'Apologise to my face,' says ex-garda shamed into giving up baby
Former garda Majella Moynihan, who felt forced to give up her child for adoption in the 1980s after becoming pregnant out of marriage, is seeking a face-to-face apology from the Garda Commissioner.
Meanwhile, allegations of a "whispering campaign" against other officers and recruits who became pregnant outside of marriage have emerged in the aftermath of the scandal.
Ms Moynihan was subject to an investigation and threatened with dismissal after becoming pregnant by another recruit in 1984 when she was 22. But after bravely telling her story, she says that "my shame is now theirs".
She was investigated for a breach of discipline and later charged with two counts under the 1971 Garda Síochána Regulations. The charges were related to premarital sex and giving birth outside of marriage.
Ms Moynihan, from Kanturk, Co Cork, told RTÉ: "I kept the secret for so many years, it was so much shame and now it's no longer my story of shame, it's their shame.
"I feel vindicated, I feel believed, people know me now in my truth. I know no one can make you feel anything now but back then they did, they made me feel that small.
"All I kept hearing was discredit on the Garda force."
- Read more: 'Wrong on every level' - Flanagan apologises to former garda threatened with dismissal for having baby out of wedlock
Commissioner Drew Harris publicly apologised on Saturday and Justice Minister Charlie Flanagan followed with a public apology yesterday. But Ms Moynihan is not satisfied.
"I've heard from nobody and I strongly believe and feel that both of those people should have come to me first," she said.
"It's of vital importance that I meet Commissioner Harris and he meets me and he apologises to me and also gives me a written apology.
"Yes, I'd be happy and content with that."
Ms Moynihan said she wanted "just to get on with my life now", and to find "happiness with my two sons.

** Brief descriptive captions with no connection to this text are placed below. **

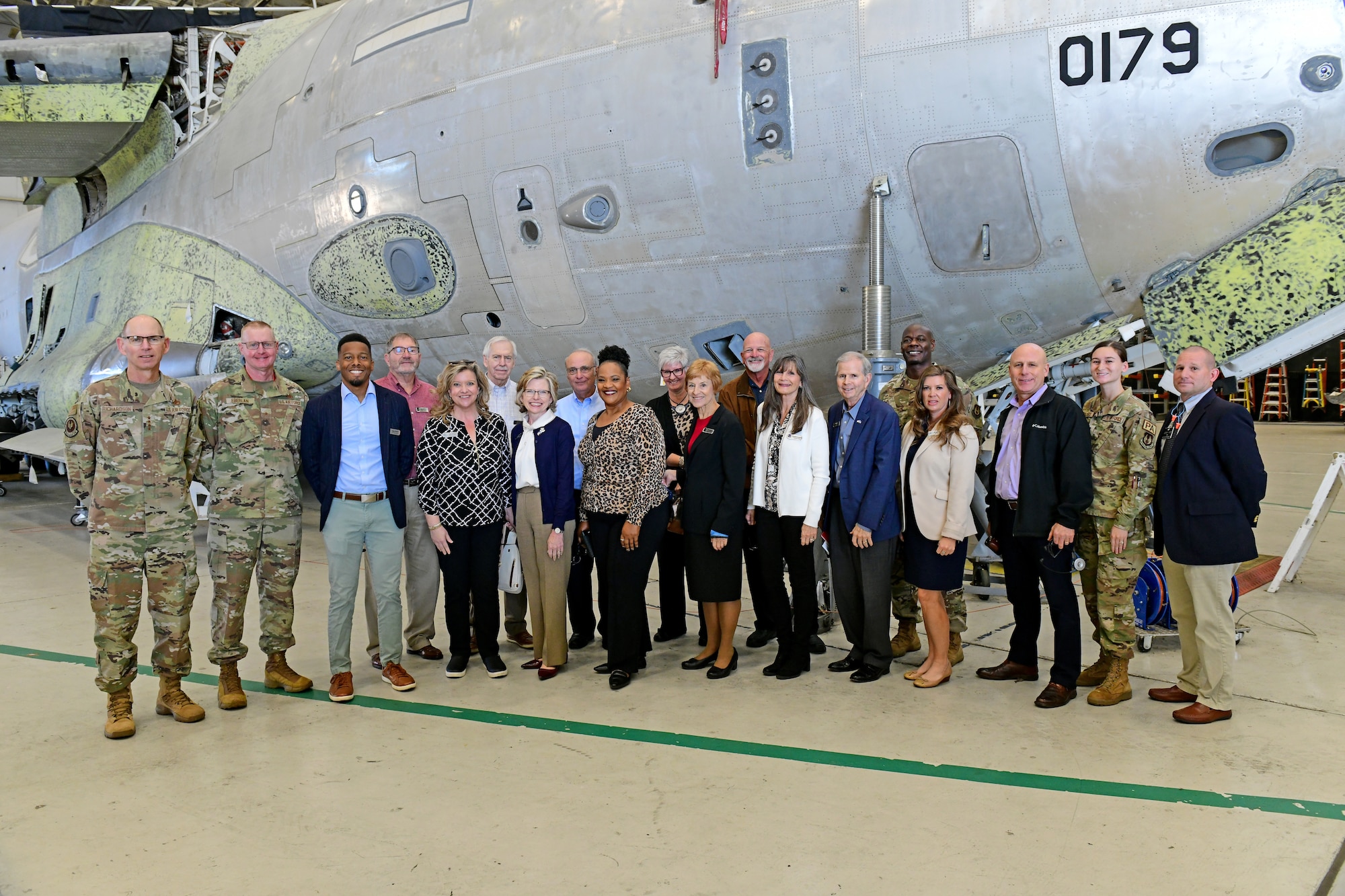 Photo shows group of people in front of aircraft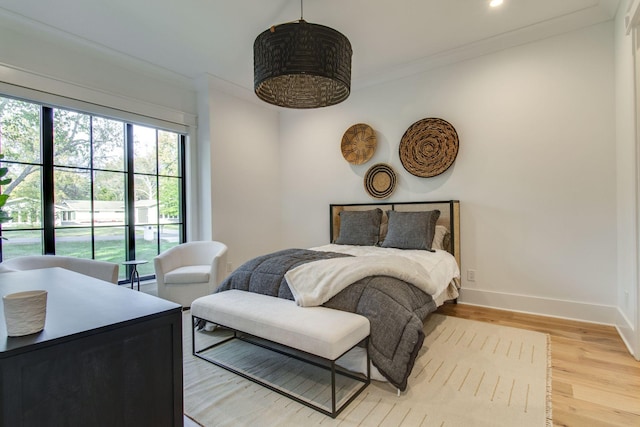 bedroom with light wood-type flooring and ornamental molding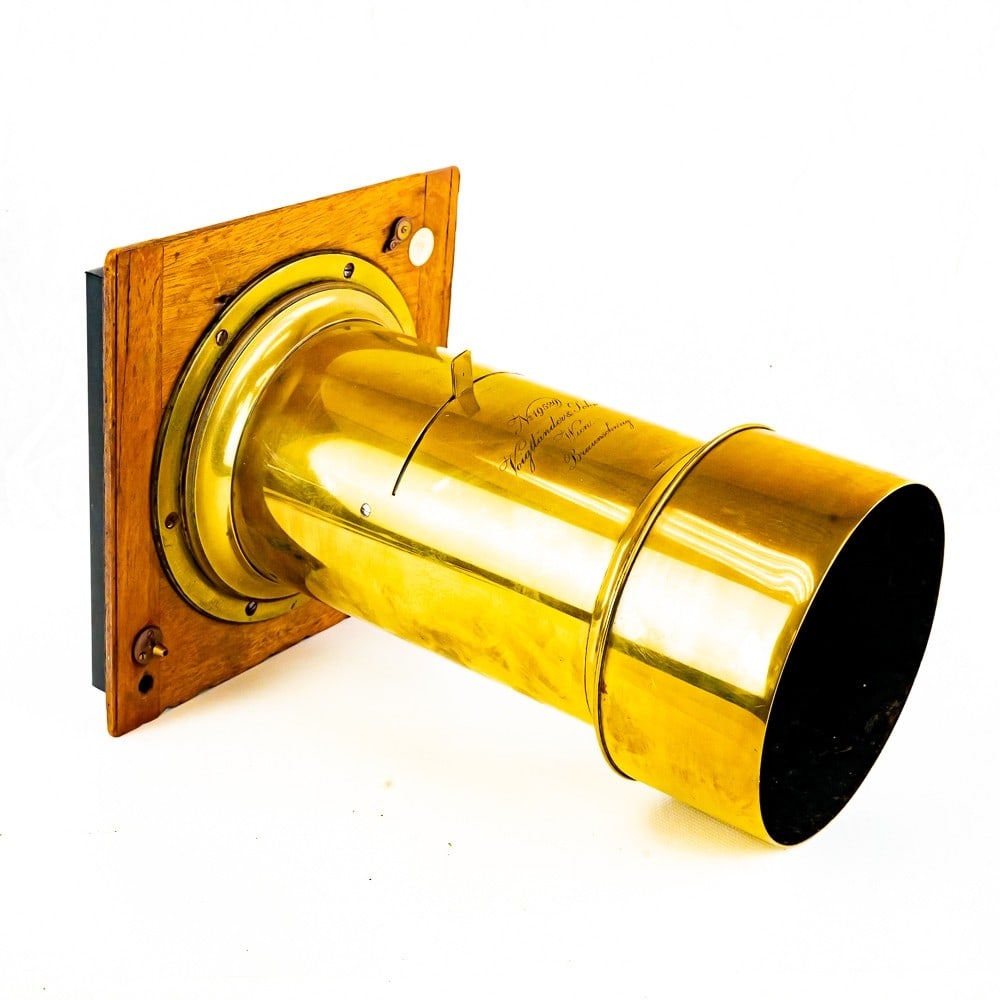 Large Brass Lens by Voigtlander & Son: Vienna and Braunschweig, No. 19529, with single Waterhouse stop, mounted on an oak lensboard,/pneumatic shutter, the lens 11 3/4"L., element diam. 4".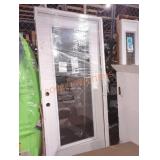 36" x 80" white exterior door in frame with window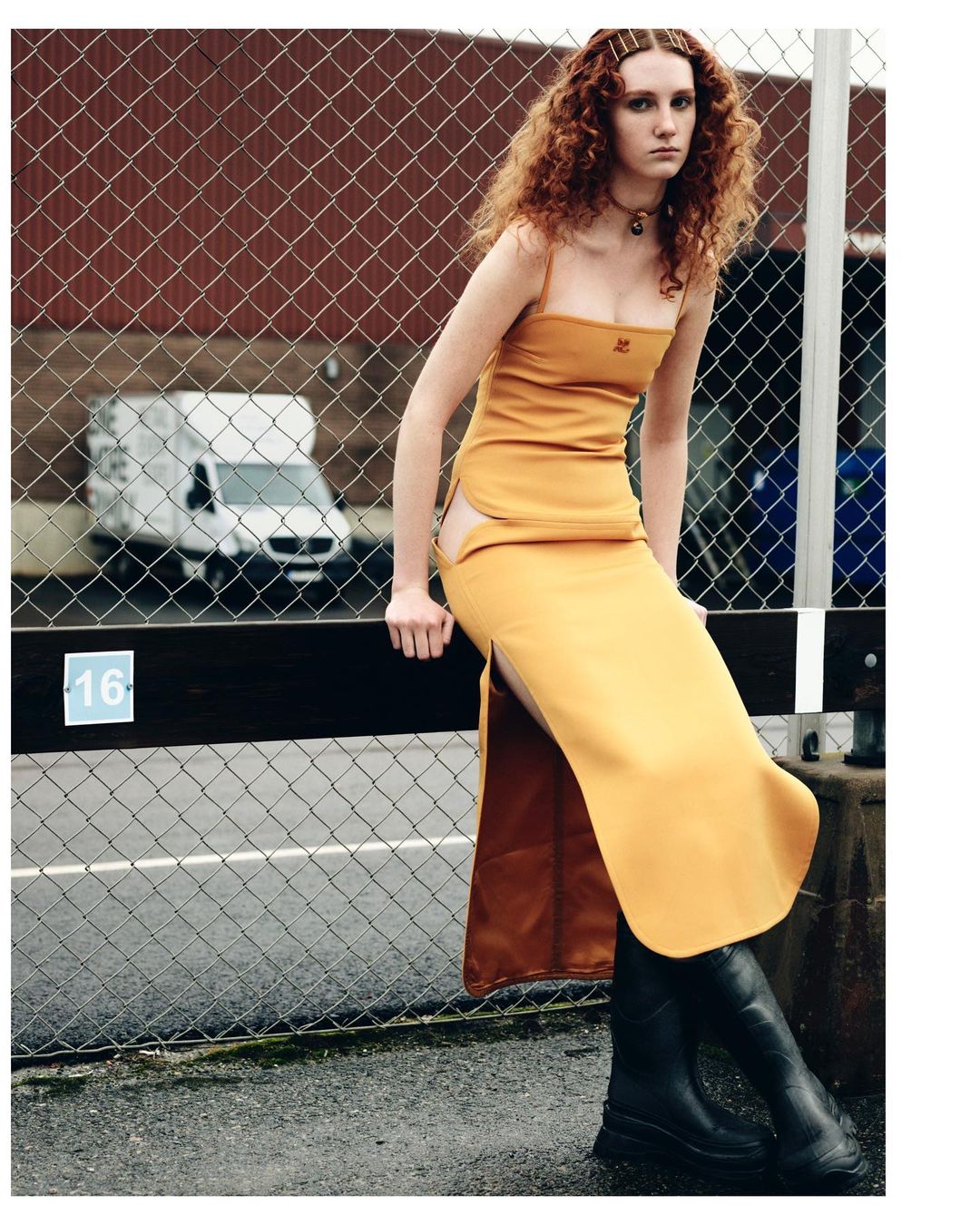 A redhead woman sits on a railing in mustard yellow dress and black boots, brick building and white van in the background.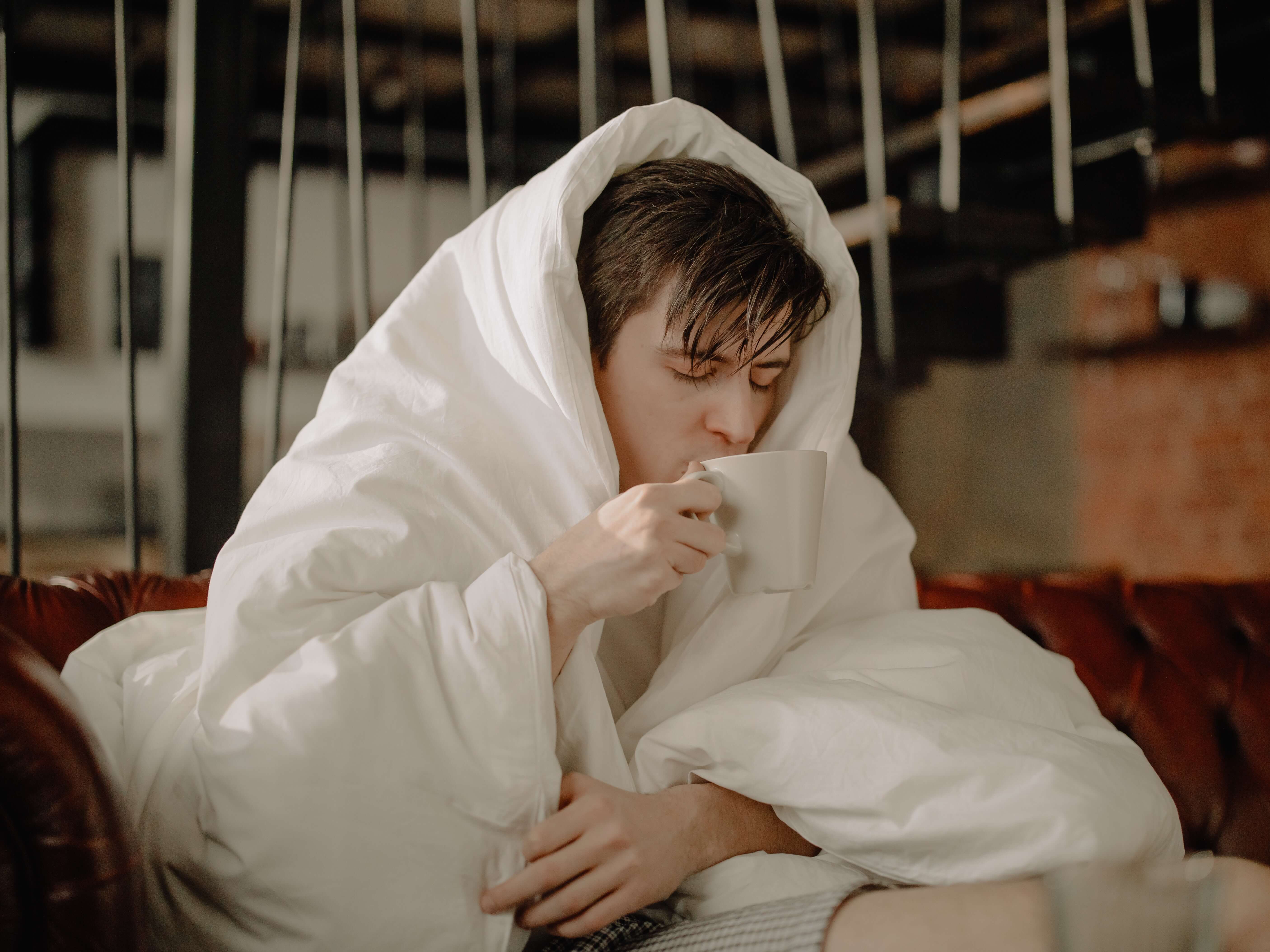 독감에 걸린 남성이 이불을 뒤집어 쓰고 따뜻한 차를 마시는 장면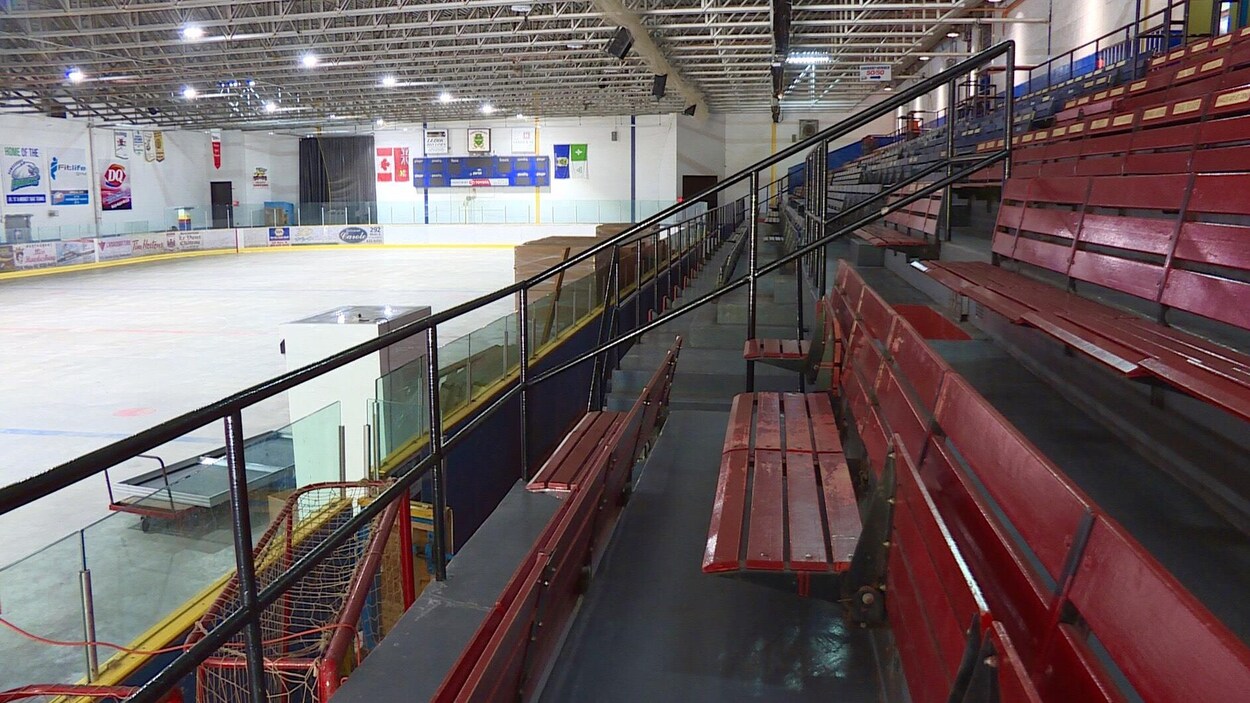 L'intérieur de l'aréna, avec la glace et des bancs rouges.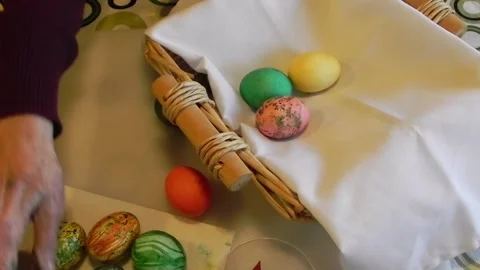 Elderly Woman's Hand Place Easter Eggs In Basket Stock Footage 150268485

It's a new beginning for me."
She had joined the Garda force as a young recruit on what she felt was the most exciting day of her life.
But she told RTÉ Radio One how she was later subject to an investigation and threatened with dismissal after becoming pregnant.
The former garda said she felt pressured to give up her baby, a boy named David, adopted in 1984.
The Irish Independent put questions to the Garda yesterday but was informed the information was held by "administrative offices", open during standard office hours.
Meanwhile, Susan Lohan, co-founder of the Adoption Rights Alliance (ARA), said: "Majella is aware of other officers and recruits who became pregnant outside of marriage while in the force but she's only aware of herself being charged.
"Some of them had abortions, some went away, some went to England.
"There was a whispering campaign carried out against all of them."